> Task to complete: In the listing below, locate the line containing "My Ebus Procedure" and the line containing "White to Black". Output both of them and every line between, exactly as written, and nothing more.

> Exercise materials:
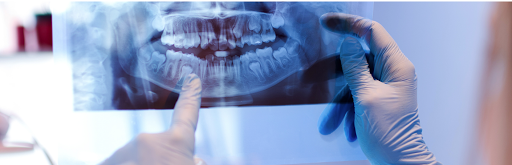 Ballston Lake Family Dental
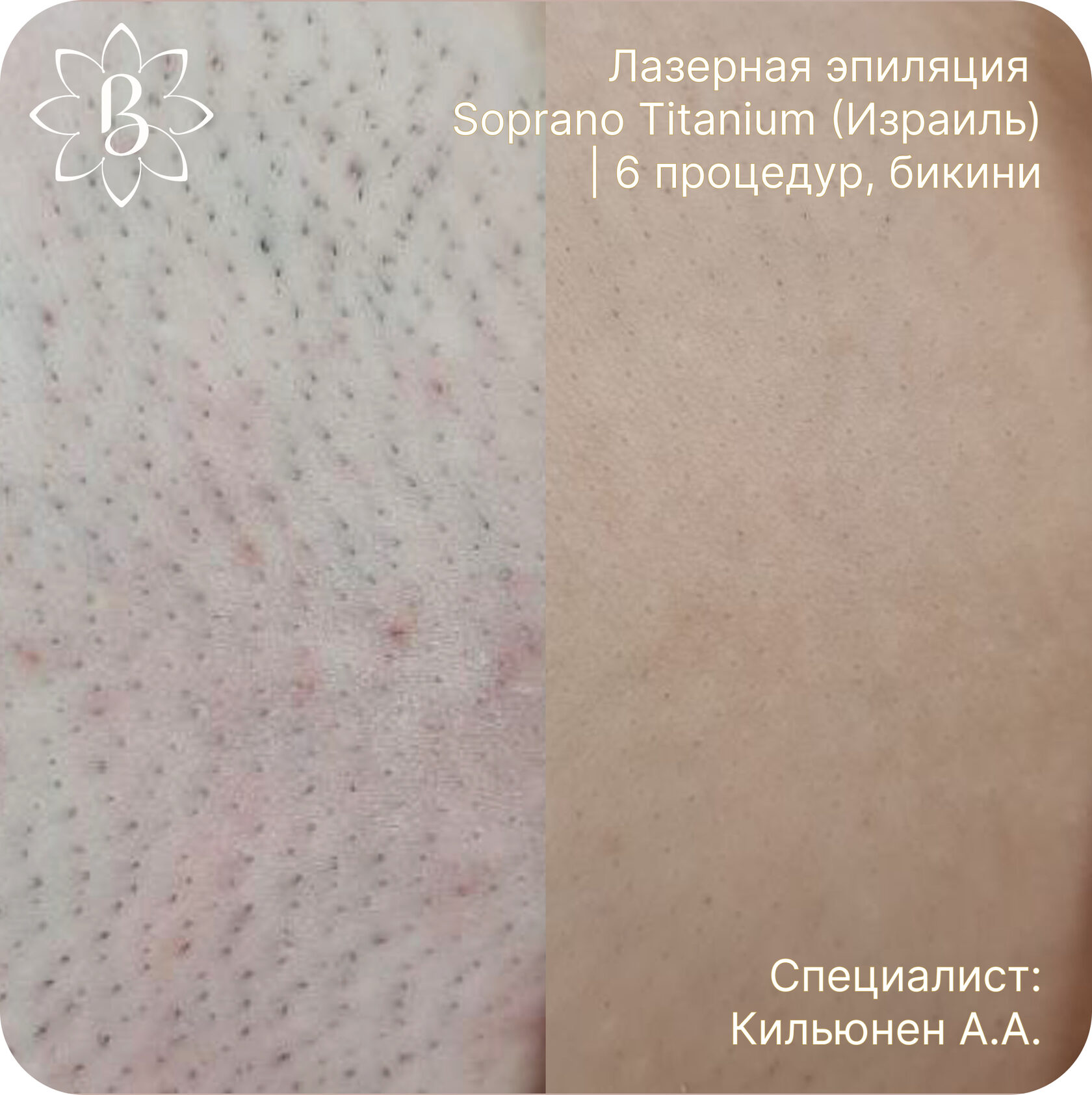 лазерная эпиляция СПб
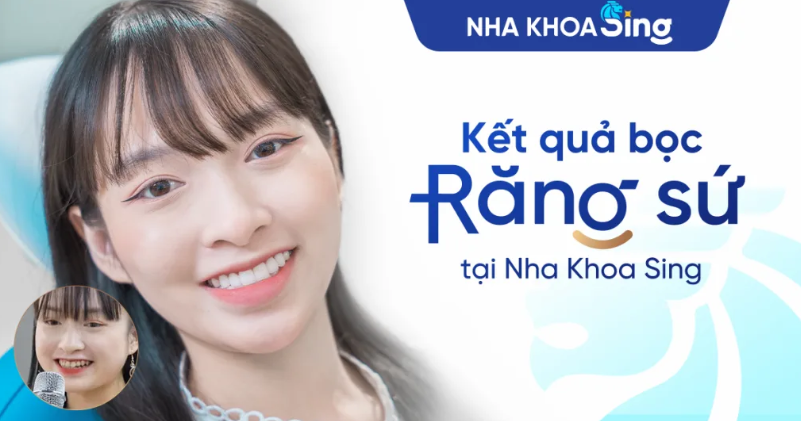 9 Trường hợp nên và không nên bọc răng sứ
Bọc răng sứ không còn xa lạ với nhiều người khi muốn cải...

---

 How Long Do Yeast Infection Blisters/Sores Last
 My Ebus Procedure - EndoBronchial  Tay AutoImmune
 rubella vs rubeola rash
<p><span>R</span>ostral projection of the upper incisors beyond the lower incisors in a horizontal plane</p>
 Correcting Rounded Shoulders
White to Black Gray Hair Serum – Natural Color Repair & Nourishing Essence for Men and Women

--

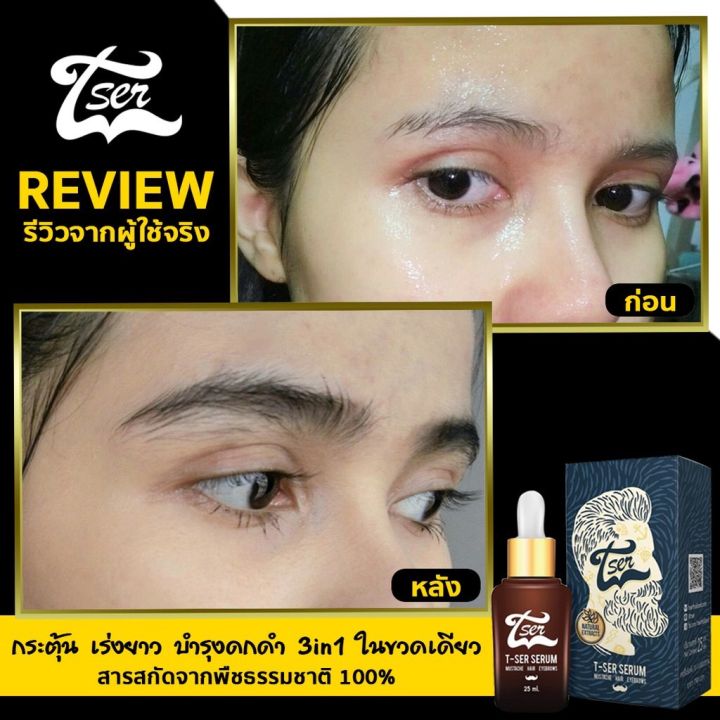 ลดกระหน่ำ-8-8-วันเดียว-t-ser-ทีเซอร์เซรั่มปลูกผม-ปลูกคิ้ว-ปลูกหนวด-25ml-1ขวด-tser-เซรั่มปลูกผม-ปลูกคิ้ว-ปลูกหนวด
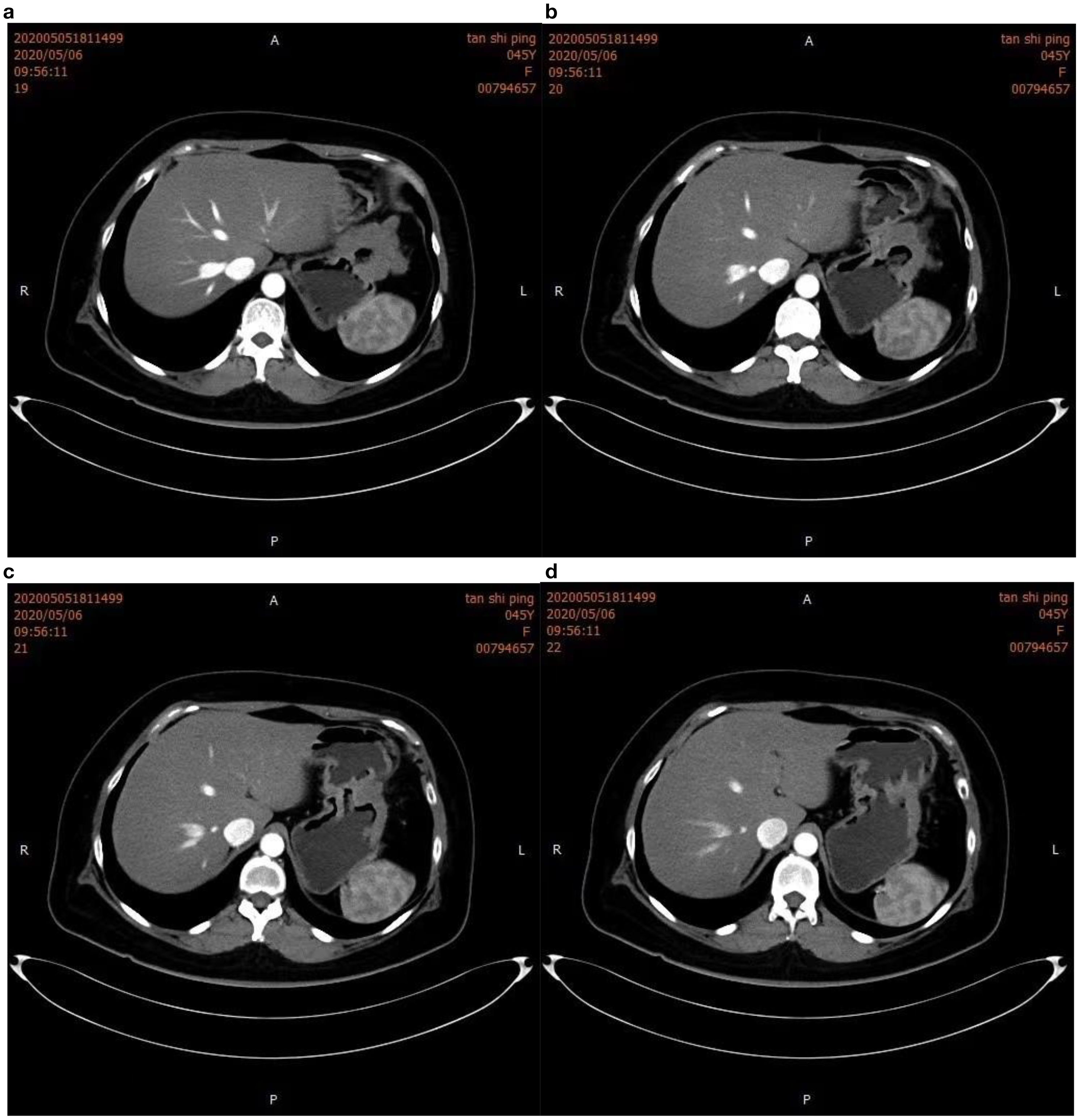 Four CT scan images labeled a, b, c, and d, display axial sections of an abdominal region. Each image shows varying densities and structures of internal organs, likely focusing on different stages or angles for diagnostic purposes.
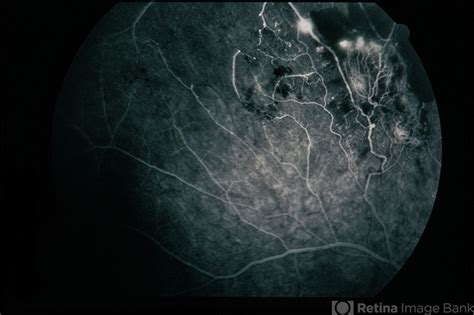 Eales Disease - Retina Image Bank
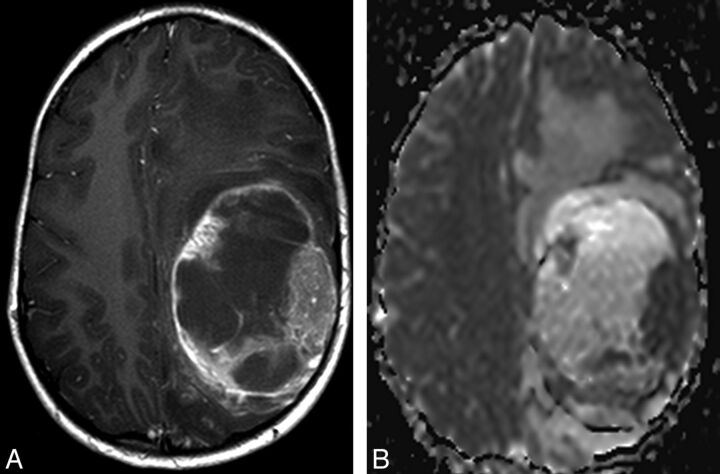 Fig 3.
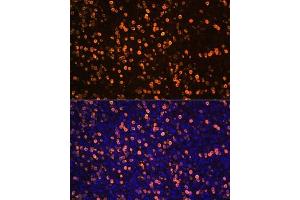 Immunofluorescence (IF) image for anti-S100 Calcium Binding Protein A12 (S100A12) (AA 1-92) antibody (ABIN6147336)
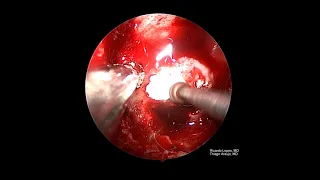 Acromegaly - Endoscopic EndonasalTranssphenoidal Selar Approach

> Expected answer:
 My Ebus Procedure - EndoBronchial  Tay AutoImmune
 rubella vs rubeola rash
<p><span>R</span>ostral projection of the upper incisors beyond the lower incisors in a horizontal plane</p>
 Correcting Rounded Shoulders
White to Black Gray Hair Serum – Natural Color Repair & Nourishing Essence for Men and Women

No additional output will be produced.